Interpretive Summary: Plant breeders are often interested in the genetic correlation between different traits, because this correlation determines if selection on one trait will affect another trait. This paper describes the theory and application of a statistical method called restricted maximum likelihood (REML) estimation of genotypic and phenotypic correlations. This method has been used by some animal breeders, but rarely by plant breeders, because of a lack of software. This paper provides software code that plant breeders can implement with the widely-used SAS statistical analysis package to estimate genetic correlations with REML. An extensive simulation study was conducted to demonstrate that the REML correlation estimates are better than estimates based on traditional analyses when there are missing data.

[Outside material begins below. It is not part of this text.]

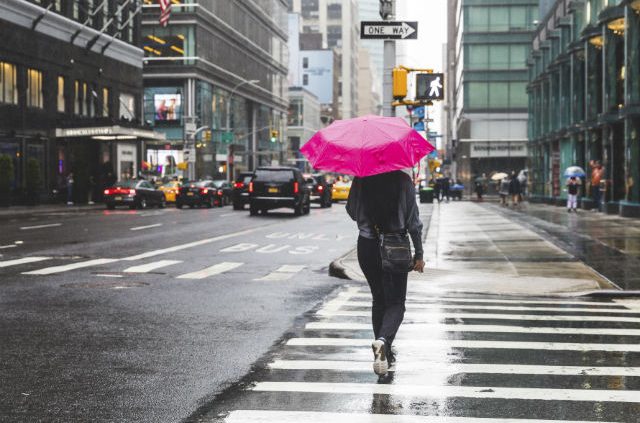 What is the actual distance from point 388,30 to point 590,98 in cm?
2552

Missing data often occurs in plant breeding experiments (because plots can be lost due to experimental errors or poor growing conditions), so the REML method outlined here is recommended for use over the traditional methods.

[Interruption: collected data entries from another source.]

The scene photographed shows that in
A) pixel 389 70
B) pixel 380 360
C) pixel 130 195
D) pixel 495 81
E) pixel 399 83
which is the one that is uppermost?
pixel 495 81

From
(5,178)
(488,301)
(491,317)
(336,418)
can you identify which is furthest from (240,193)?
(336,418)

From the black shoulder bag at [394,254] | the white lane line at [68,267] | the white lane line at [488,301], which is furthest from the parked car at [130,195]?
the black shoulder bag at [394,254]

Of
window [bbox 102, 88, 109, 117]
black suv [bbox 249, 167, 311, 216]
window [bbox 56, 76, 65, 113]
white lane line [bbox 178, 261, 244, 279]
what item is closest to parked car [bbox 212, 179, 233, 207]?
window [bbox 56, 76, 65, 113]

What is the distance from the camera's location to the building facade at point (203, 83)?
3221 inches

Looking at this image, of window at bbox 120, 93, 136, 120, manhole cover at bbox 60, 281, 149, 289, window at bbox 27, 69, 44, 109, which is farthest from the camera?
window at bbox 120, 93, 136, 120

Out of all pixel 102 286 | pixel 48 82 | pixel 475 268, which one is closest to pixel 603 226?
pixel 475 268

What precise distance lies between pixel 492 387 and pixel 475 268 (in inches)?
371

Technical Abstract: Plant breeders traditionally have estimated genotypic and phenotypic correlations between traits using the method of moments based on a multivariate analysis of variance (MANOVA). Drawbacks to using the method of moments to estimate variance and covariance components include the possibility of obtaining estimates outside of parameter bounds and loss of efficiency and ignorance of the estimators’ distributional properties when data are missing. An alternative approach that does not suffer these problems, but depends on the assumption of normally distributed random effects, is restricted maximum likelihood (REML). REML is often more computationally intensive than least squares methods, but advances in computer processing speed have made REML computationally feasible on modern personal computers. Proc MIXED of the SAS system was designed as a univariate analysis procedure, but its application to REML estimation of genotypic and phenotypic correlations is demonstrated. Additionally, a method to obtain approximate parametric estimates of the sampling variances of the correlation estimates is presented. MANOVA and REML methods were compared with a real data set and with simulated data. The simulation study examined the effects of different correlation parameter values, genotypic and environmental sample sizes, and proportion of missing data on Type I and Type II error rates and on accuracy of confidence intervals. The two methods provided similar results when data were balanced or only 5% of data were missing. However, when 15% or 25% data were missing, the REML method generally performed better, resulting in higher power of detection of correlations and more accurate 95% confidence intervals.